Under our Constitution, the jury trial is supposed to be the cornerstone of criminal adjudication. The independence of citizen jurors has always been understood to be an indispensable structural check on executive, legislative, and even judicial power. And that independence has always entailed a special solicitude for jury acquittals, which are intended to have unassailable finality. Yet prosecutors and judges routinely do end‐runs around this intended finality — and thus, around the jury trial itself — through the pernicious practice of “acquitted conduct sentencing.”
“Acquitted conduct sentencing” refers to the scenario in which a judge sentences a defendant not just upon the charge for which they were convicted, but also based upon alleged conduct underlying charges for which they were acquitted. For example, in Jones v. United States, the defendants were charged with both (1) distributing small amounts of crack cocaine, and (2) a conspiracy to distribute large amounts of crack cocaine. The jury convicted on the distribution charge, but acquitted on the conspiracy charge. Common sense and basic constitutional principles would seem to dictate that the defendants be sentenced only on the basis of their distribution.

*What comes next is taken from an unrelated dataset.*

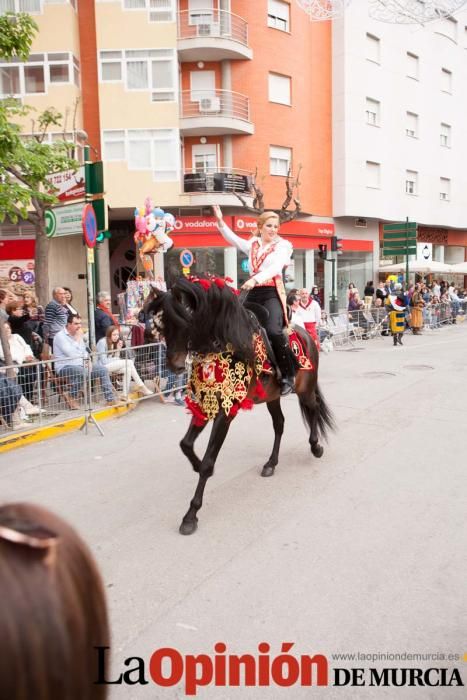 Desfile día cuatro (Bando Caballos del Vino)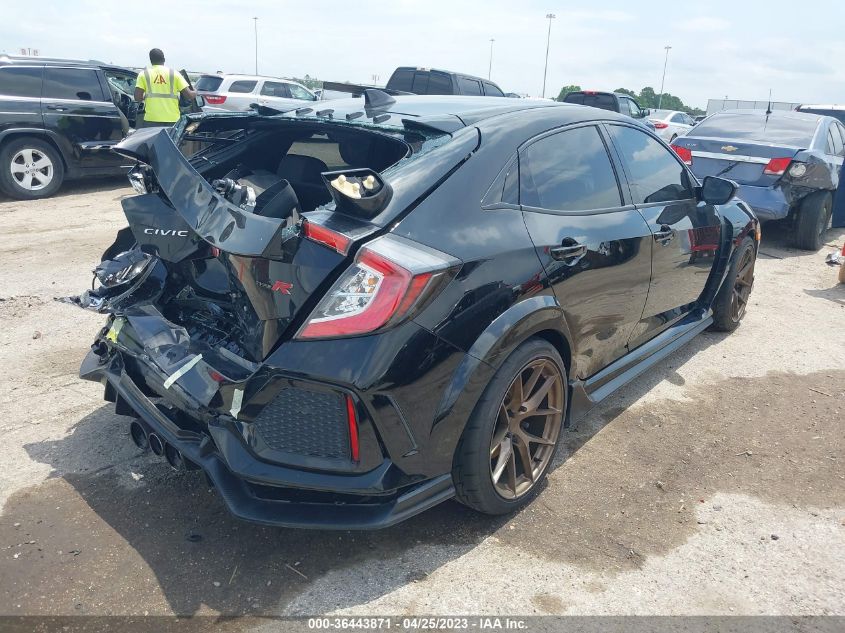 2019 HONDA CIVIC TYPE R TOURING - SHHFK8G77KU205243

But bizarrely, the judge in that case effectively disagreed with the jury’s verdict, concluded that the defendants did engage in the charged conspiracy, and sentenced them far more harshly than would otherwise have been warranted. While the Guidelines sentencing range for the distribution charge would have “only” been 27–71 months (still a wildly excessive punishment, but beside the point here), the three defendants in Jones were ultimately sentenced to 180, 194, and 225 months — in essence, punishing them about four times more harshly solely because of alleged conduct for which they were acquitted.